Abstract: Deep imaging of the ionization structures of the IGM during EoR is one of the key science goals for SKA1-low. Detecting the EoR will require removal of all foregrounds, a task which is most easily done first by minimizing the foregrounds present by observing ‘quiet’ fields. We have used the radio source catalog (Hurley-Walker et al. 2017) and the diffuse source catalog (Johnston-Hollitt et al. in prep) of the GLEAM survey, the Haslam 408MHz All-Sky Map, ROSAT images, combined with the optical/X-ray catalog of galaxy clusters, WISE images, and 30GHz and 857GHz Planck datasets, to select the two ‘quietest’ sky fields with a radius of 7.5 degrees for deep EoR observations (Field centers: F1 (69deg, -43deg), F2 (41deg, -44deg)). We request to observe the two fields at five frequency bands over 30 hours for each field. Our deep observations of the selected fields may provide the simplest MWA fields from which foregrounds can be removed. The lack of radio sources also presents our best hope of achieving the highest possible dynamic range imaging the MWA is capable of.

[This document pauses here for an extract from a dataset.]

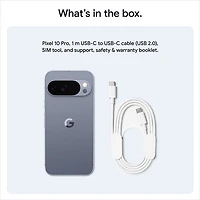 Pixel 10 Pro 256 Go de Google avec TELUSe - Jade - Financement mensuel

This is a “pathfinding” observation looking at finding potential EoR fields for SKA-Low, not specifically for the current MWA EoR program.

Authors: Prof. David Kaplan (UW – Milwaukee), A/Prof. Tara Murphy (University of Sydney), Dr Christene Lynch (University of Sydney), Dr Steve Croft (University of California, Berkeley), Dr. Emil Lenc (University of Sydney), and the MWA transients collaboration.

Abstract: We propose to conduct commensal transients searches through data collected for the MAGE-X project: deep, multi-wavelength observations of the Magellanic Clouds with the extended MWA. The techniques used will be similar to have so far resulted in the best limits yet on radio transient rates (Rowlinson et al. 2016).

Many types of variable and transient sources are predicted and observed at low frequencies. For example, flares from low-mass stars and brown dwarfs, magnetars, and flares associated with state transitions in accreting stellar-mass and intermediate-mass black holes. In addition, possible non-repeating transient sources, such as merging black holes and tidal disruption events, are expected to emit at MWA frequencies. The MWA is extremely well-suited for blind transient surveys due to its large instantaneous field of view and high sensitivity. We propose to survey for transient and variable sources in the Magellanic Cloud fields, which will include both significant Galactic foreground as well as nearby extragalactic sources. This is a commensal project, sharing data with the MAGE-X collaboration and targets transient events on time scales from 0.5 seconds to years, enabling us to search for both short duration coherent emission (e.g. Fast Radio Bursts, FRBs) and moderate duration incoherent sources over multiple days.